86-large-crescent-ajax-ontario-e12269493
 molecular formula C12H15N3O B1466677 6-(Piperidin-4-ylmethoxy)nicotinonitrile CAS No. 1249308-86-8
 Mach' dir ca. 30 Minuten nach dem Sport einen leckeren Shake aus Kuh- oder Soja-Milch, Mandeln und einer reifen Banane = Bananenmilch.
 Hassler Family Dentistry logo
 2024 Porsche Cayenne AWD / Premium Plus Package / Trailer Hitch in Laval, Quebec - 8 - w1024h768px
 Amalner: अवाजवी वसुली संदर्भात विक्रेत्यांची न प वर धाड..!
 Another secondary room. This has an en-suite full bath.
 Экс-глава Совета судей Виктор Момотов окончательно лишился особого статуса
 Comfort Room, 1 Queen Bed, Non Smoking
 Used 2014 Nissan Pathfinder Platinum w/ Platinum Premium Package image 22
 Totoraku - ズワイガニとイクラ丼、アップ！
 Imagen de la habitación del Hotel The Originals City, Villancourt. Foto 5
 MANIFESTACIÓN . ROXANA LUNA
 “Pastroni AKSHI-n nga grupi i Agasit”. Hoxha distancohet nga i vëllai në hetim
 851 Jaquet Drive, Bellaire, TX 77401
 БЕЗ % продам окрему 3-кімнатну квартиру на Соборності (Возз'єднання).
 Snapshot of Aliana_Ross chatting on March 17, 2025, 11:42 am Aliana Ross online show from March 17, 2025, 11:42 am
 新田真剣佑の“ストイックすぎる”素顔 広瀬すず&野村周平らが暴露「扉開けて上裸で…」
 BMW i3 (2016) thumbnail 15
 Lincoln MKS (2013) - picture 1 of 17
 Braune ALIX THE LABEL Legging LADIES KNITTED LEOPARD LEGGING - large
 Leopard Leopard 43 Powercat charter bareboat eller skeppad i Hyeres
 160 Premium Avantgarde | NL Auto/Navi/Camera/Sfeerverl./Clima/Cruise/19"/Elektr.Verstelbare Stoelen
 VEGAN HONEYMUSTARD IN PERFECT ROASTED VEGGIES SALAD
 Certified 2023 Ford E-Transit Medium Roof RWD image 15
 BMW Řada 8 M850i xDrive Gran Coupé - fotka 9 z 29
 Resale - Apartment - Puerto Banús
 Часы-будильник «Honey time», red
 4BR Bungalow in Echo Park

******

The first line of the entries above marks where to begin; repeat each line exactly through the one that contains "MANIFESTACIÓN . ROXANA LUNA", and include that line.

86-large-crescent-ajax-ontario-e12269493
 molecular formula C12H15N3O B1466677 6-(Piperidin-4-ylmethoxy)nicotinonitrile CAS No. 1249308-86-8
 Mach' dir ca. 30 Minuten nach dem Sport einen leckeren Shake aus Kuh- oder Soja-Milch, Mandeln und einer reifen Banane = Bananenmilch.
 Hassler Family Dentistry logo
 2024 Porsche Cayenne AWD / Premium Plus Package / Trailer Hitch in Laval, Quebec - 8 - w1024h768px
 Amalner: अवाजवी वसुली संदर्भात विक्रेत्यांची न प वर धाड..!
 Another secondary room. This has an en-suite full bath.
 Экс-глава Совета судей Виктор Момотов окончательно лишился особого статуса
 Comfort Room, 1 Queen Bed, Non Smoking
 Used 2014 Nissan Pathfinder Platinum w/ Platinum Premium Package image 22
 Totoraku - ズワイガニとイクラ丼、アップ！
 Imagen de la habitación del Hotel The Originals City, Villancourt. Foto 5
 MANIFESTACIÓN . ROXANA LUNA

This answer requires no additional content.